It’s dumb but it’s been retroactively taken to mean that it has a Class 0.5 hyperdrive, whereas a Star Destroyer has a Class 2. (Smaller class numbers are faster.) Light speed in Star Wars can be much faster than the speed of light.
But then, pretty much everything to do with specifications and numbers of Star Wars tech is a clusterfuck of technobabble that makes Voyager’s look coherent.
The cope for awhile was that it was 1.5x lightspeed while in hyperspace, which also distorted distances, so you got much, much faster travel speeds without messing with relativity.
Then they decided it was a multiplier applied to how long it took to travel a certain route, so lower was better.
47 years later and I’m still not quite sure what “She can make point 5, past light speed.” means.
It’s dumb but it’s been retroactively taken to mean that it has a Class 0.5 hyperdrive, whereas a Star Destroyer has a Class 2. (Smaller class numbers are faster.) Light speed in Star Wars can be much faster than the speed of light.

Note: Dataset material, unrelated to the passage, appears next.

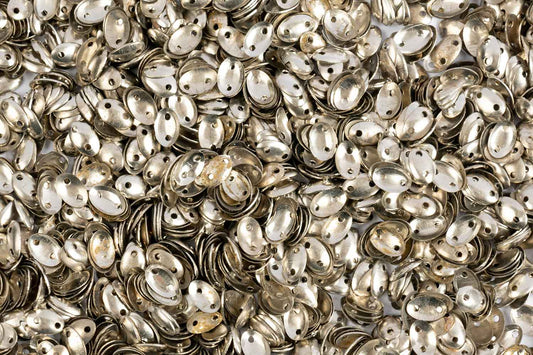 Mohan Shoppe Silver Color Oval Shape Metal Sequins for Craft, Embroidery and Jewelry Making Pack of 50gm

But then, pretty much everything to do with specifications and numbers of Star Wars tech is a clusterfuck of technobabble that makes Voyager’s look coherent.

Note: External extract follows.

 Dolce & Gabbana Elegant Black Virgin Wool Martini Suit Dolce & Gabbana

I don’t think you are meant to over think it
“Hey kid, it ain’t that kind of movie.”
But see, that’s not something us techie nerds can do. We LIVE to overthink these things.
I always thought of it as 1.5 light speed
Which isn’t a practical speed for interstellar travel. It’s literally just over warp 1.
More practical would be to assume that there’s a k missing 1.5k (thousand) light speed is warp 9.975.
The cope for awhile was that it was 1.5x lightspeed while in hyperspace, which also distorted distances, so you got much, much faster travel speeds without messing with relativity.
Then they decided it was a multiplier applied to how long it took to travel a certain route, so lower was better.